Records to use START

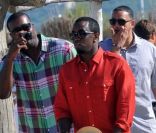 P. Diddy est en vacances à Saint-Tropez : il s'est produit au Gotha Club le 29 juillet 2011, avant de profiter de la plage le lendemain. 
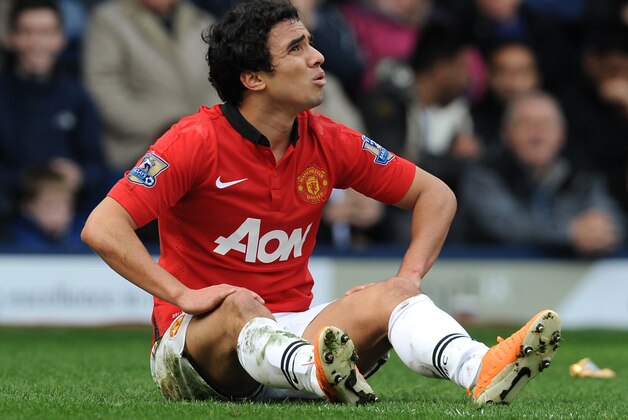 Manchester United's Rafael during the English Premier League soccer match between West Bromwich Albion and Manchester United at The Hawthorns Stadium in West Bromwich, England, Saturday, March 8, 2014.  (AP Photo/Rui Vieira)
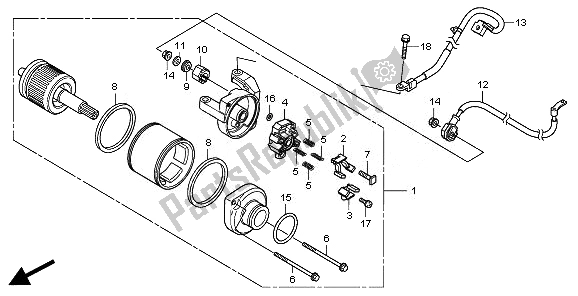 Todas las partes para Motor De Arranque de Honda CBR 250 RA 2011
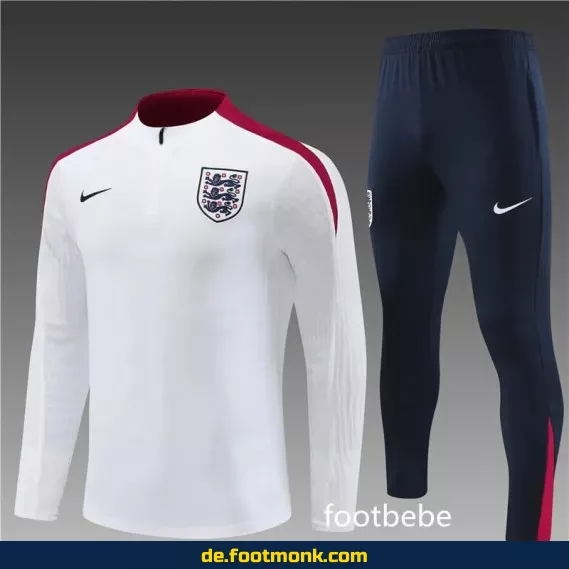 England Trainingsanzug 2024/2025 Weiß – Fußballtrikots & Trainingsanzüge online kaufen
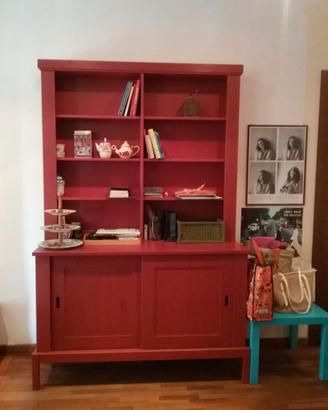 Credenza rossa amaranto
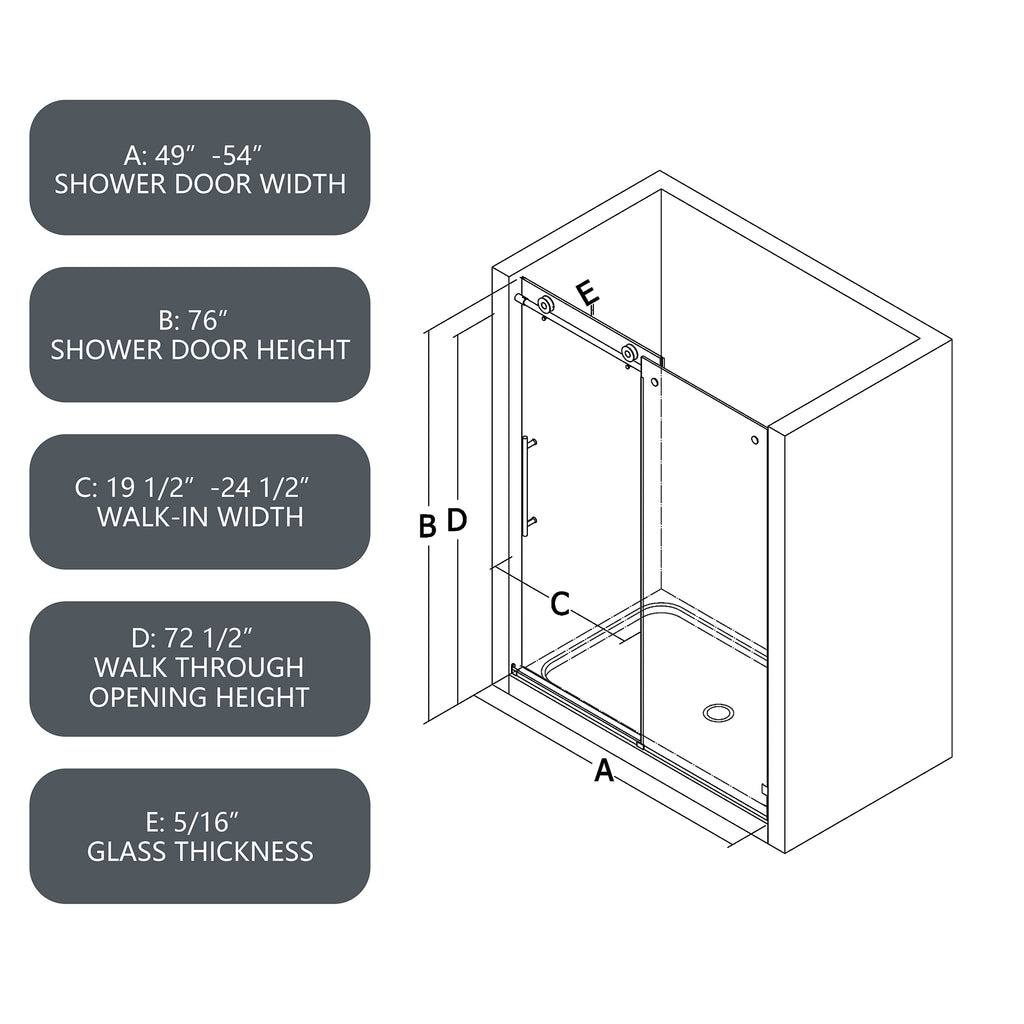 YUEJIA Shower Door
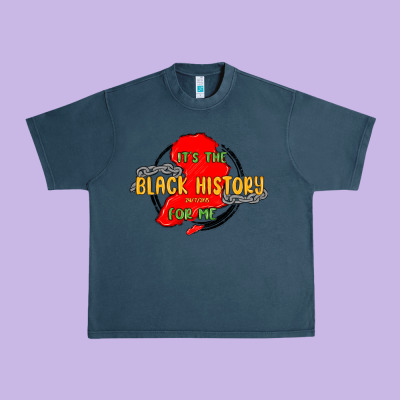 Black History Month Urban Heavy Tee Designed By Maliassmallbusiness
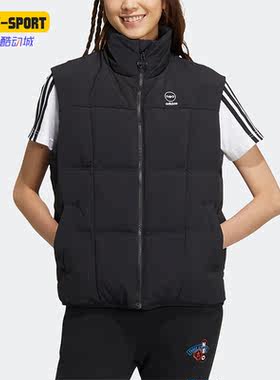 女子款立领羽绒马甲阿迪达斯正品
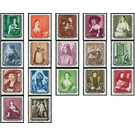 Commemorative stamp series - Germany / German Democratic Republic Series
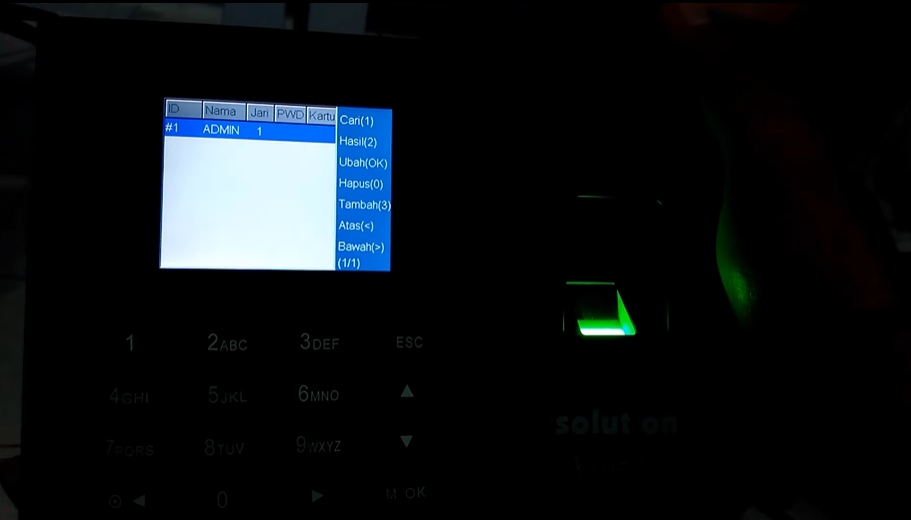 Cara Menambah User di Mesin Fingerprint Solution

Records to use END

● What you should do: Every line from the one with "YUEJIA Shower Door" through the end of the records above belongs in the answer, copied exactly; no picture does.

● Task response:
 YUEJIA Shower Door
 Black History Month Urban Heavy Tee Designed By Maliassmallbusiness
 女子款立领羽绒马甲阿迪达斯正品
 Commemorative stamp series - Germany / German Democratic Republic Series
 Cara Menambah User di Mesin Fingerprint Solution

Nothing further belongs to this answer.